Macroeconomic policies and market dynamics in China are deepening the “dual carbon” target path, emphasizing the importance of energy security and transformation. Recent policies at the national level continue to promote the transformation of the energy structure, with a focus on the clean and efficient use of coal as a transitional energy source, while accelerating development in the new energy sector. Impact: Traditional coal chemical enterprises face greater environmental protection and energy efficiency pressures, but new technological routes such as coal-to-oil and gas, coal chemical coupling with green hydrogen and green electricity are gaining development opportunities. The trend of the refining industry transforming towards new chemical materials and high-end chemicals is becoming clearer.
International oil prices are experiencing wide fluctuations, with geopolitical factors and demand expectations dominating market dynamics: Recent significant fluctuations in international crude oil prices have been influenced by geopolitical tensions in the Middle East, the continuation of OPEC+ production cuts, and economic data from major global economies (especially China and the United States). Impact: The uncertainty of oil prices poses challenges for cost control and profit forecasting in downstream refining and chemical industries. Companies need to respond more flexibly to fluctuations in raw material prices.
Technological breakthroughs and frontier advancements in CCUS (Carbon Capture, Utilization, and Storage) projects are accelerating: Several large domestic CCUS projects have entered substantial advancement stages, such as the Qilu Petrochemical – Shengli Oilfield million-ton CCUS project, which has been operating stably. Additionally, technologies for producing chemicals from carbon dioxide (such as methanol and biodegradable plastics) have also achieved breakthroughs in pilot testing. Significance: CCUS is seen as a key technology for achieving low-carbon utilization of fossil energy, and its large-scale application is crucial for the carbon neutrality goals of the energy and chemical industries.
The green hydrogen industry is experiencing explosive growth: China has planned and initiated several gigawatt-level large-scale green hydrogen projects in resource-rich areas such as Inner Mongolia, Ningxia, and Gansu. The manufacturing costs of electrolyzer technologies (especially alkaline electrolysis and PEM electrolysis) continue to decline, with efficiency improvements. Impact: Green hydrogen provides deep decarbonization solutions for the chemical industry (such as synthetic ammonia, methanol, and refining hydrogenation). Chemical companies are actively laying out an integrated industrial chain of “green electricity – green hydrogen – green chemicals.”
Research and development of bio-based and biodegradable materials are active: The production capacity and technology of materials such as polylactic acid (PLA), polyhydroxyalkanoates (PHA), and bio-based polyamides (nylon) are continuously breaking through. Policies continue to promote plastic pollution control, creating market space for biodegradable materials.

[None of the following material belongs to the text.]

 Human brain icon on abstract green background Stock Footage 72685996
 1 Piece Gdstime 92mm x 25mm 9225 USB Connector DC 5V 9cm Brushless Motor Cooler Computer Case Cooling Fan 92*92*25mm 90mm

Significance: This is an important path for the chemical industry to reduce dependence on fossil raw materials and achieve a circular economy.
Corporate strategies and major projects: Large integrated refining bases are becoming mainstream: Private refining projects such as Hengli Petrochemical, Zhejiang Petrochemical, and Shenghong Refining have been fully constructed and are continuously optimizing operations. These projects are characterized by scale, integration, and high-end development, extending downstream to high-value-added chemical products, enhancing the overall competitiveness of China’s petrochemical industry.
Multinational companies are accelerating their layout of high-end and green production capacity in China: International chemical giants such as BASF, ExxonMobil, and SABIC are advancing large projects in China (such as BASF’s Zhanjiang integrated base and ExxonMobil’s Huizhou ethylene project) as planned, focusing on high-performance chemicals and green technologies.
Corporate mergers and strategic collaborations are active: To integrate resources, optimize the industrial chain, and acquire new technologies, frequent mergers and restructuring activities are occurring within the industry, particularly in the fields of new energy materials (such as lithium battery materials) and specialty chemicals.
Regional hotspots and global perspectives: The Middle East is vigorously developing “oil-chemical integration”: Oil companies in the Middle East, such as Saudi Aramco and the Abu Dhabi National Oil Company, are heavily investing in technologies and projects that directly convert crude oil into chemicals (Crude-to-Chemicals), aiming to transform from global oil suppliers to core suppliers of chemical products. Impact: This will intensify the competitive landscape for basic chemical products globally in the future.
The European chemical industry is seeking solutions in the energy transition: Affected by the previous energy crisis, European chemical companies are under significant cost pressure. They are responding to challenges by improving energy efficiency, shifting to biomass raw materials, investing in green hydrogen, and relocating some production capacity to regions with lower renewable energy costs.
In summary, the energy and chemical industry is currently undergoing a profound historical transformation. The core driving forces come from: green low-carbon transformation: this is the most core driving force, promoting the development of disruptive technologies such as CCUS, green hydrogen, and bio-manufacturing. Energy security: ensuring the stable supply and efficient utilization of traditional energy remains an important cornerstone during the transformation. High-end development and value enhancement: industry competition is shifting from cost and scale to technology and high-end value chains, with new chemical materials being a key battleground.